**** INPUT DATA

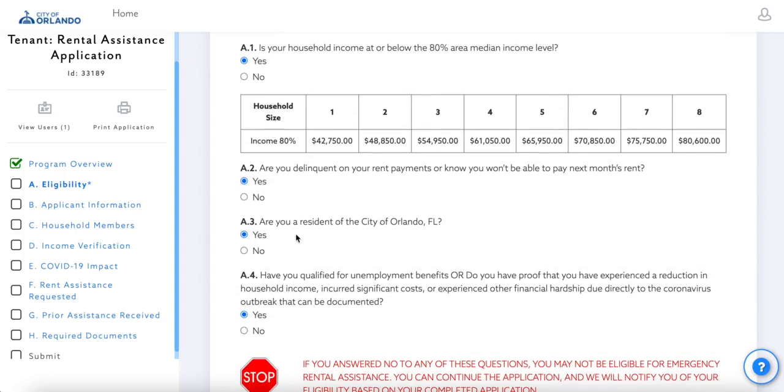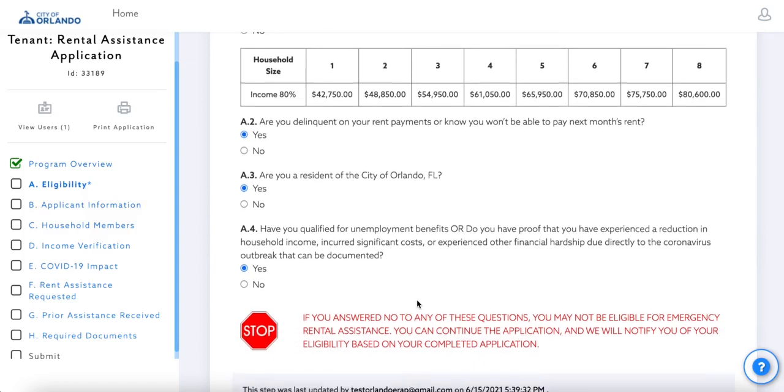This third question will ask if you are a resident of the City of Orlando. This program is only open to the City of Orlando residents.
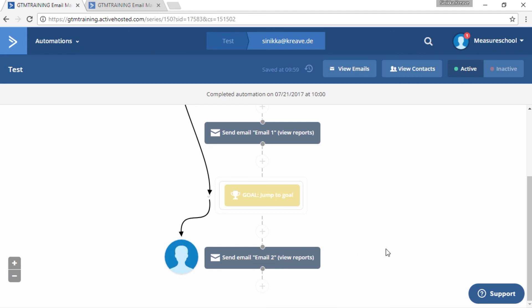So that was it, a really quick tutorial on how to add a contact to a specific point of an automation in ActiveCampaign. I hope it was helpful to someone of you. Thank you for watching and happy measuring.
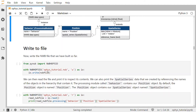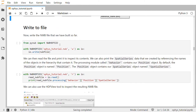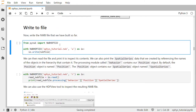Now let's write the NWB file that we've created to disk. To do that, we will import the NWBHDF5IO class from PyNWB. IO tells you that it's a class for reading and writing files, and this class will read and write NWB files using the HDF5 backend. HDF5 is a common storage format for large-scale scientific data. We'll create a context manager using with NWBHDF5IO, pass the file name, and pass 'w' to open the file in write mode. We'll get an IO object and call write on it, passing in the NWB file we created.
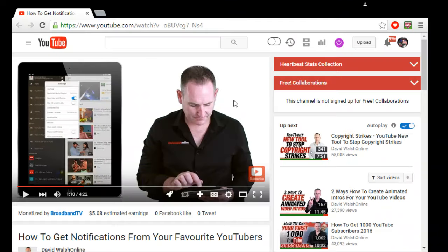Alright guys, so this is what you do. As soon as I can get my... there we go. Hang on, they're playing with my line. There we go. Alright, so here's what you gotta do.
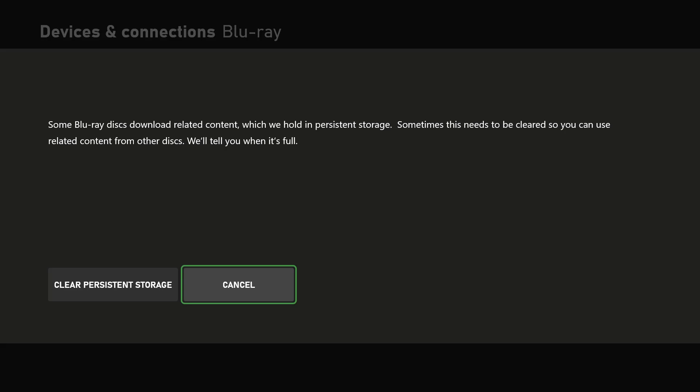Related content which we hold in persistent storage sometimes needs to be cleared. Sometimes this happens for some reason where the game just ends up not reading and not being played on your console. So you might want to actually do this, clear it up and then try to play the game and hopefully you can now play the game.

********

WHAT THE TASK REQUIRES: Beginning with the first line of the entries above, repeat each line word for word until the line with "Now let's write" has been given too. Omit the pictures.

WRITTEN RESPONSE:
This third question will ask if you are a resident of the City of Orlando. This program is only open to the City of Orlando residents.
So that was it, a really quick tutorial on how to add a contact to a specific point of an automation in ActiveCampaign. I hope it was helpful to someone of you. Thank you for watching and happy measuring.
Now let's write the NWB file that we've created to disk. To do that, we will import the NWBHDF5IO class from PyNWB. IO tells you that it's a class for reading and writing files, and this class will read and write NWB files using the HDF5 backend. HDF5 is a common storage format for large-scale scientific data. We'll create a context manager using with NWBHDF5IO, pass the file name, and pass 'w' to open the file in write mode. We'll get an IO object and call write on it, passing in the NWB file we created.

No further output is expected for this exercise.